Each of these examples can be made more or less complex by adding different constraints or altering the objective (both usually in response to the problem context) which change how the problem and solution are formulated. With the high-level definition of optimization in mind, the next step is to realize the process. This realization often takes the form of mathematical optimization and, in the focus of this post, linear programming.

Linear Programming

Linear programming (or linear optimization) is a method to optimize a function given a set of linear relationships (onstraints). According to Wikipedia, linear programming produces a feasible region which is a convex polytope (a shape with flat sides). There are algorithms that explore the feasible region to find the optimal solution; the most notable or famous is simplex.

Limitations of Linear Programming

As the name implies, linear programming assumes linearity. Non-linear problems can be solved with other methods but often require extra consideration when formulating the problem or solving for an optimal solution. Other forms of mathematical optimization can solve non-linear problems while others can handle multiple objectives or goals.

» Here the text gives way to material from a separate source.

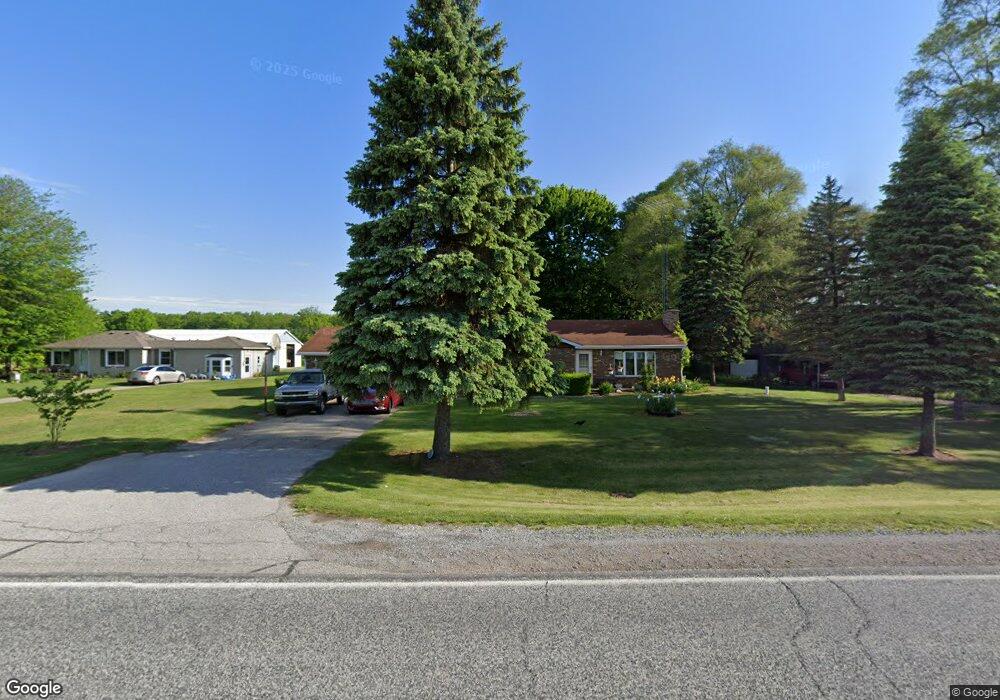 11941 Birch Run Rd, Birch Run, MI 48415 - photo 1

Other forms of Mathematical Optimization/Programming

Before taking a step forward and looking at a series of examples of linear programming - we can take a step backward and understand how the limitations of linear programming fit into the larger topic of mathematical optimization. Other forms include multi-objective problems, goal programming, and non-linear programming. Linear programming is a subset of quadratic programming which expands in the following ways.

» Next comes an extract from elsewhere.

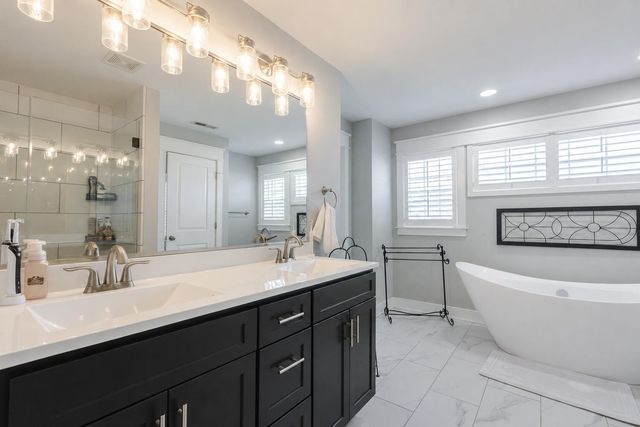 875 Farmview Drive, Valparaiso, IN 46383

  • Linear programming (LP)
  • Quadratic programming (QP)
  • Second-order Cone program (SOCP)
  • Semi-definite program (SDP)
  • Conic programming (CP)

Check this list out for more information: Wikipedia: Mathematical optimization - Major subfields.

Steps

1. Understand the problem contextually

Before diving into the mathematical or programming aspects of an optimization problem, taking a moment to think about the problem (i.e., structure, limitations, and expectations) can save time otherwise spent correcting course in the future.

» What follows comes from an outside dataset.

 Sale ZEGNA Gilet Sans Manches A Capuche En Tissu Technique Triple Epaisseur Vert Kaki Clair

2. Define the problem mathematically

Mathematical formulation is a critical step in the process, especially for large-scale problems or inexperienced modelers. Mathematical definition requires that we define the entities (sets), relevant attributes about entities (parameters), goal (objective function), and logical or contextual restrictions (constraints).

3. Implement the problem programmatically

This post relies heavily on two tools used in concert to optimize solutions given problem context and data sets.

Mathworks.com describes MATLAB as "a programming and numeric computing platform used by millions of engineers and scientists to analyze data, develop algorithms, and create models." Learn more here: https://www.mathworks.com/products/matlab.html

GAMS.com describes GAMS (General Algebraic Modeling System) and GAML (General Algebraic Modeling Language) the as “the easiest way to formulate complex optimization problems”. Learn more here: https://www.gams.com/

In order to implement problems programmatically, we will need software. As the title indicates, MATLAB and GAMS (General Algebraic Modeling System) are the two choices for this post. MATLAB will focus on the problem setup while GAMS will be used to leverage its solvers.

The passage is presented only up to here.